KAYPAK ZEMİNDE SİYASET

Türkiye artık “kaypak zeminde siyasete” odaklandı.

Herkes kendisini milletvekili yapacak olan parti başkanın etrafında pervane olduğu bir cicim ayı yaşıyor.

Nasıl olurda parti başkanı ve etrafındakilerin gözüne girip bir dört yıl daha milletvekilliğini kaparım sevdasındalar. 

Bu “milletvekilliğini kap-kaç sevdasında” olanlar “dobra dobra bir siyasetin dışında her yol mubahtır” mantığı ile hareket ediyorlar.

Eylem ve söylemler “kararsız seçmenleri kendi saflarına çekmeye” yönelik olacaktır. Aynen Anayasa referandumu öncesinde de böyle olmuştu.

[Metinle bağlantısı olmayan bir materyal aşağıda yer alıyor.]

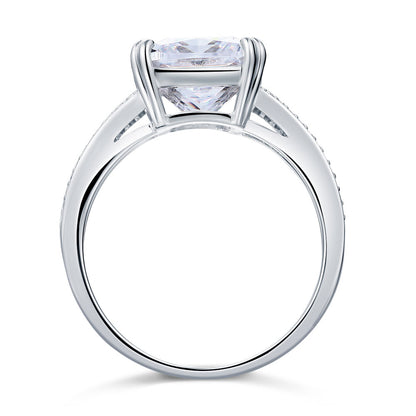 Anillo de 6 quilates con diamante simulado de corte radiante y cuerpo dividido en plata de ley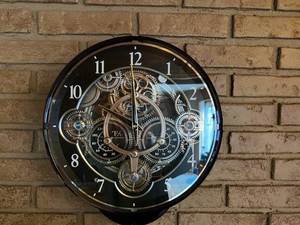 lot 419 image: Rythm Clock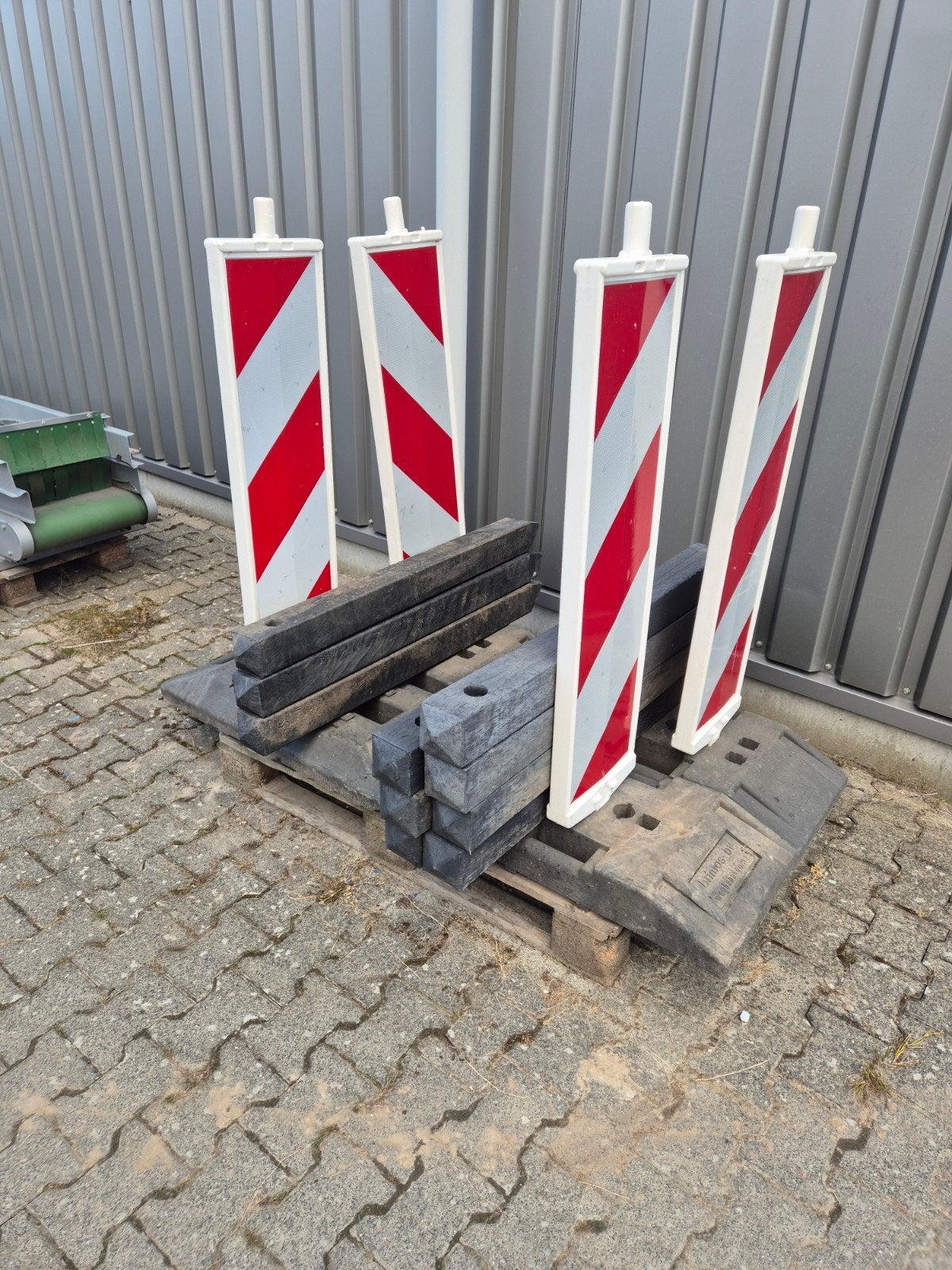 Geleidebakens en losse palen, Ophalen, Zo goed als nieuw, Overige typen, Minder dan 2 meter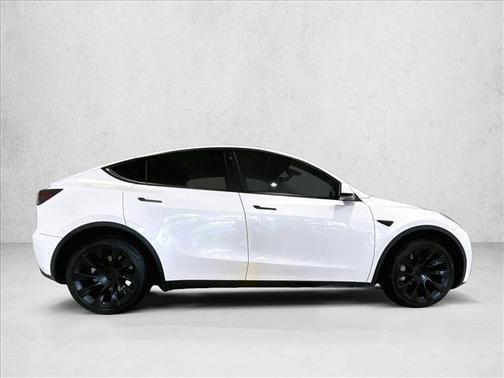 Pearl White Multi-Coat 2022 Tesla Model Y Long Range Dual Motor All-Wheel Drive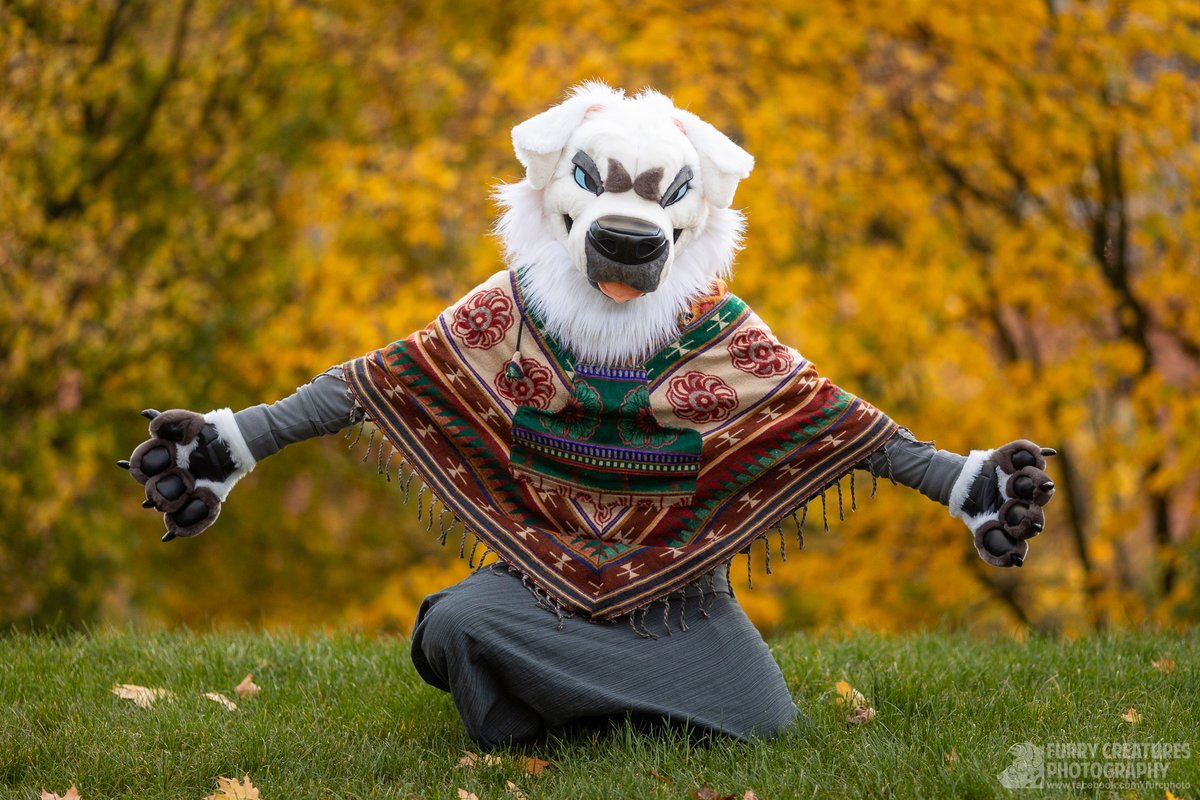 Hey, come to me! 🤗
#FursuitHalloweenPrague

📷 <a href="/FurCPhoto/">Furry C. Photo</a> 
🪡 @LomonosovFur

O zaman AKP’liler ne diyordu?

“Darbeler sorgulanacak, darbeciler yargılanacak” sözleriyle 27 Mayıs 1960 Ulusal Devrimini de kapsayan bir döneme kadar inilmişti.

Şimdi “darbe ve darbeciler” unutuldu.

Bunun yerini ne aldı?

“İçki yasakları, ucube heykel tartışmaları, 19 Mayıs törenlerinin gereksizliği konuşmaları, Osmanlı padişahlarına laf söyletmemeler, askere kelle demeler” ve benzeri konuların üzerine sünger çekiliyor. Onlar hemen dinin,  soyun, aile değerlerinin koruyucusu olma pozisyonuna yatıyorlar. 

Eğer tartışmalarda yanlış zemin üzerinde duruluyorsa gerçekler göz ardı ettirilmek isteniyor demektir.

Bu öyle acıklı bir tablo ki; kaypak zemin siyasetçileri amaçlarına ulaşmak için topluma duymak istediklerini söyledi mi iş tamamdır.

Halkın doğru haber alma özgürlüğünün önüne set çeken yandaş medya varken, TV programlarında halka Wikileaks’i sorarsanız; Tunus’ta hükümeti düşüren “yasemin devrimini” kaç kişi bilebilir. Bizim yurttaşımız Wikileaks belgeleri için bizde “soğuk algınlığında göğse sürülen Wicks” diyen de çıkar. Cumhurbaşkanını kim olduğu sorusuna; “Tayyip Erdoğan” cevabını veren de çıkar.

Bu evrende yaşanan çok önemli olaylara bu kadar duyarsız insanlarımızın çoğunlukta olduğu bir ortamda RTE’nin gibi “çoğalın, çoğalın en az 3 çocuk yapın” çağrısında bulunan siyasetçilere inanmasınlar da kime inansınlar!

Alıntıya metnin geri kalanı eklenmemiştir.